Original blog: Doi Tech Team
Link: https://blog.doiduoyi.com/authors/1584446358138
Original intention: Record the excellent learning experiences of the Doi Tech Team

*This article is based on PaddlePaddle 0.11.0 and Python 2.7

Introduction¶

Before reading this article, you should read the previous article Object Detection Implementation Using VOC Dataset, as most of the code and dataset formats used in this article are derived from the previous one. This article introduces how to perform object detection using a custom image dataset.

Dataset Introduction¶

The dataset we use this time is natural scene license plates.

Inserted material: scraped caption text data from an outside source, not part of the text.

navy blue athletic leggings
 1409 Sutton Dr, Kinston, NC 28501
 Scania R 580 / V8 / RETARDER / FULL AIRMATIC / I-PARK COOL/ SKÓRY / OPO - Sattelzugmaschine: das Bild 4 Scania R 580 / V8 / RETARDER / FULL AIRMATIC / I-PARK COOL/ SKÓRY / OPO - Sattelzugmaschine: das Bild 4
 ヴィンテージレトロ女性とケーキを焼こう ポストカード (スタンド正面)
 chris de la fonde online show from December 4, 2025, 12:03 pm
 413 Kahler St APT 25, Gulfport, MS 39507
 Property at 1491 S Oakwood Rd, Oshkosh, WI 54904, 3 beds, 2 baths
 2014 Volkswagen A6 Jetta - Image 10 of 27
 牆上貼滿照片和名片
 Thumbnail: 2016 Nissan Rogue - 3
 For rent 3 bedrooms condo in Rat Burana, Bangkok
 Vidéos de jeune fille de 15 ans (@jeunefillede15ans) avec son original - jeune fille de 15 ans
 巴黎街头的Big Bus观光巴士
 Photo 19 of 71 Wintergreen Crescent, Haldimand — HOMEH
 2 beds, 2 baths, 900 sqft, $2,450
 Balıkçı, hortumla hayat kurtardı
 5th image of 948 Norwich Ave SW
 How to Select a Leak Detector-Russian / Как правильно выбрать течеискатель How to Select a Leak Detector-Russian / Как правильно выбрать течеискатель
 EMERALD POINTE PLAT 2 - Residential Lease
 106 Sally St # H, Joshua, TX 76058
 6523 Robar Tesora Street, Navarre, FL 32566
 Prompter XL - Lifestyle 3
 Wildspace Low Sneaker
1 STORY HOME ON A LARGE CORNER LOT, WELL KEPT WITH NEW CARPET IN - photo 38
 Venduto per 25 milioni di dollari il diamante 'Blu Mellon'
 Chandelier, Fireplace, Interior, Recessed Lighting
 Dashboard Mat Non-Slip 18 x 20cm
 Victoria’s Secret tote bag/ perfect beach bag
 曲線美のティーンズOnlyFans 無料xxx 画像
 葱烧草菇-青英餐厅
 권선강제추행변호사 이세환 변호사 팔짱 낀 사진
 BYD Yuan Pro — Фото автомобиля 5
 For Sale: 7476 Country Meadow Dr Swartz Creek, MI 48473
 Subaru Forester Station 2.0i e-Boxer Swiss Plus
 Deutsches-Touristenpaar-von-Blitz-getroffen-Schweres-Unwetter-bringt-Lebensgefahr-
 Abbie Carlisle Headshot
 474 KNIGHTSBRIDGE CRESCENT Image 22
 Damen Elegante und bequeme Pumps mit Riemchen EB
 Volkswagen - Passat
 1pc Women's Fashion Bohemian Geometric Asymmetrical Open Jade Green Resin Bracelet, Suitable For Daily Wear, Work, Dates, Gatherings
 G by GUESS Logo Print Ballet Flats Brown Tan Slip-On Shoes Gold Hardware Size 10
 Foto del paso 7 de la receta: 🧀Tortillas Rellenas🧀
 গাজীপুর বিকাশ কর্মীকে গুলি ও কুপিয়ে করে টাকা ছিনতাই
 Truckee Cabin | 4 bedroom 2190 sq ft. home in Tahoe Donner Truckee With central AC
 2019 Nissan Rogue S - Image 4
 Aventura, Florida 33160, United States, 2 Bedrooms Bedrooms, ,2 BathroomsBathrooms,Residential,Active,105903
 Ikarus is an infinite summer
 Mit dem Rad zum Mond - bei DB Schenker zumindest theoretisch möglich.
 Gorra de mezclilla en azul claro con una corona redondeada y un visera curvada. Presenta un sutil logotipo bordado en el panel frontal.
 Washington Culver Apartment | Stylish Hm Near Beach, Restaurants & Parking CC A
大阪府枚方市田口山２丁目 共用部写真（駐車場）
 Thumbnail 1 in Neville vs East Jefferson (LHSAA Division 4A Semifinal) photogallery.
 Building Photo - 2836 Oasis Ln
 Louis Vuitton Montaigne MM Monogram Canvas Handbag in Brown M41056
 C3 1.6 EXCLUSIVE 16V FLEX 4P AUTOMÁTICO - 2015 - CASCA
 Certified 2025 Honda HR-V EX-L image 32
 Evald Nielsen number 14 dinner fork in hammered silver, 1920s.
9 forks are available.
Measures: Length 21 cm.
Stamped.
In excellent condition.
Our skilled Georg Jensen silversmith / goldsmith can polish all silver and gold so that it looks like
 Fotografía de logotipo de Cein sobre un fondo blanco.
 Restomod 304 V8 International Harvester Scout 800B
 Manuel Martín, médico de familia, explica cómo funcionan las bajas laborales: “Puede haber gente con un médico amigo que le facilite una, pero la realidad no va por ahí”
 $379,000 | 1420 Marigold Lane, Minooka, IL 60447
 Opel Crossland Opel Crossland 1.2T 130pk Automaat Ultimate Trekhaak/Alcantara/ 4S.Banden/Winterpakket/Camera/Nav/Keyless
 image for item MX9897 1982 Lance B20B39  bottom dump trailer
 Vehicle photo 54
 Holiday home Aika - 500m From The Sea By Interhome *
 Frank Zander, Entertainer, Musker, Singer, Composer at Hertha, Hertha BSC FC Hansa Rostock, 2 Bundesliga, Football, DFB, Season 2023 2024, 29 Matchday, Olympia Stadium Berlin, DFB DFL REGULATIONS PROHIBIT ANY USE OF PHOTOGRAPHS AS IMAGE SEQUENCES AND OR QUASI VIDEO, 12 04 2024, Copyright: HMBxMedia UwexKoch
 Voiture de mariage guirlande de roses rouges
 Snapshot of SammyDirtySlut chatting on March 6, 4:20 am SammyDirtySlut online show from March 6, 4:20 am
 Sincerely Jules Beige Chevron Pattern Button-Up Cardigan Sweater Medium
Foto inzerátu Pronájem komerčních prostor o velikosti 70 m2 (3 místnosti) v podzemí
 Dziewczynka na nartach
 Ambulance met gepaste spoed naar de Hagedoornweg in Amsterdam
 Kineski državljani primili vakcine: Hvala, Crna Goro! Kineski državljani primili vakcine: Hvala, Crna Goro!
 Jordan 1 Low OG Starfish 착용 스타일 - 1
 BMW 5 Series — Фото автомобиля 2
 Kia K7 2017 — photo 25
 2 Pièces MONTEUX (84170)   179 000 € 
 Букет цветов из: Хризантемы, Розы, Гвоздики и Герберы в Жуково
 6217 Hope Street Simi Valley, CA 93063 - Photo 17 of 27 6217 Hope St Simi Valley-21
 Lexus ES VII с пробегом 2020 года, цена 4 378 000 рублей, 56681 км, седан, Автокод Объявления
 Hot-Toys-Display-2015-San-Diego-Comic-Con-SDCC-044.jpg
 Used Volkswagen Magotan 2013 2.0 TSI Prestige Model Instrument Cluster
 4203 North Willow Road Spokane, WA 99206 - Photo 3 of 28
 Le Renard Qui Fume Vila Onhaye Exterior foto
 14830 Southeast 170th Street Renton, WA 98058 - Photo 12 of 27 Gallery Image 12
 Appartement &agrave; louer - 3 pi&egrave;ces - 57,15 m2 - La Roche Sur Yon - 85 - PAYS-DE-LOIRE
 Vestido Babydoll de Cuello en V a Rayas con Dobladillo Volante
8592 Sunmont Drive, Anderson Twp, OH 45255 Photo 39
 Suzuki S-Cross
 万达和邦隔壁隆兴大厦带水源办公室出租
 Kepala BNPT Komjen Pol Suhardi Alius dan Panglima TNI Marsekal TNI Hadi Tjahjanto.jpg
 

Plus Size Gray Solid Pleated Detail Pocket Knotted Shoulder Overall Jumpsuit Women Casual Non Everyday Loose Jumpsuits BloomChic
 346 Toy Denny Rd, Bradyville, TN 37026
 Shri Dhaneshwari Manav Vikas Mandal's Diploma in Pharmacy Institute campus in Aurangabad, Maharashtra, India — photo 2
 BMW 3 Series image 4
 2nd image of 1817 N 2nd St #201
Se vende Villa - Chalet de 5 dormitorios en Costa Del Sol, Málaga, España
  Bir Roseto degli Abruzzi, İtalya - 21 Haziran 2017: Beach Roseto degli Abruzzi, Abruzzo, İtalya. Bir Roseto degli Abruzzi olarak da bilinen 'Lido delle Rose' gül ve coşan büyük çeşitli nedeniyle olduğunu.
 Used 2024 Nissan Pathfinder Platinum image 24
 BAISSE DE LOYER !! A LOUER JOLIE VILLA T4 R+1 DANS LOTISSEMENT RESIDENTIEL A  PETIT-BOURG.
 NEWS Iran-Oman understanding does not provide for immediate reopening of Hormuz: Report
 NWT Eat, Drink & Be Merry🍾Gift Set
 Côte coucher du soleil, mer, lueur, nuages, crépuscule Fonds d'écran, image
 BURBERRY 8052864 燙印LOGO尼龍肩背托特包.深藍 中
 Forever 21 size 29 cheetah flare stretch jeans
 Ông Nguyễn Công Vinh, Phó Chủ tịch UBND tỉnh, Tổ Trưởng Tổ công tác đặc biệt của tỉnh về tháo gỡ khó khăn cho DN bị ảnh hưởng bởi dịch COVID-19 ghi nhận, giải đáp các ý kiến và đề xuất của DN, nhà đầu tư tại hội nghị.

Do you remember how license plates were cropped in the article End-to-End Recognition of License Plates? We used OpenCV for multiple image processing steps to achieve license plate localization, but the localization effect was poor. In this article, we attempt to use a neural network for license plate localization.

Download License Plates¶

First, we download license plate data from the internet for training. The core code snippet is as follows:

def start_download(self):
    self.download_sum = 0
    gsm = 80
    str_gsm = str(gsm)
    pn = 0
    if not os.path.exists(self.save_path):
        os.makedirs(self.save_path)
    while self.download_sum < self.download_max:
        str_pn = str(self.download_sum)
        url = 'http://image.baidu.com/search/flip?tn=baiduimage&ie=utf-8&' \
              'word=' + self.key_word + '&pn=' + str_pn + '&gsm=' + str_gsm + '&ct=&ic=0&lm=-1&width=0&height=0'
        print url
        result = requests.get(url)
        self.downloadImages(result.text)
    print 'Download completed'

Rename Images¶

Downloaded images are stored in data/plate_number/images/. Some downloaded data may not be license plates, so we need to delete those. To make the dataset compatible with the VOC format, we rename the images with a six-digit number naming convention:

# coding=utf-8
import os

def rename(images_dir):
    # Get all images
    images = os.listdir(images_dir)
    i = 1
    for image in images:
        src_name = images_dir + image
        # Name with six-digit numbers (VOC dataset format)
        name = '%06d.jpg' % i
        dst_name = images_dir + name
        os.rename(src_name, dst_name)
        i += 1
    print 'Renaming completed'

if __name__ == '__main__':
    # Path to the directory containing images to be renamed
    images_dir = '../data/plate_number/images/'
    rename(images_dir)

Annotate the Dataset¶

We have image data and renamed them, but we still need annotation information. In the VOC dataset, annotations are stored in XML files with the same name as the image (excluding the suffix). We use LabelImg to create these annotation files.

Install LabelImg¶

Installation on Ubuntu 16.04 is straightforward with the following commands:

# Get root privileges
sudo su
# Install dependencies
apt-get install pyqt4-dev-tools
pip install lxml
# Install LabelImg
pip install labelImg
# Exit root privileges
exit
# Run LabelImg
labelImg

Use LabelImg¶

After running the program, the interface appears as follows:

Click Open Dir to select the image directory data/plate_number/images/, and the program will display the images:

Before annotating, set the save directory for annotation files by clicking Change Save Dir and selecting data/plate_number/annotation/. Then click Create RectBox to mark the license plate and label it plate_number. Finally, save the annotation by clicking Save, which will generate an XML file named after the image. Repeat for other images.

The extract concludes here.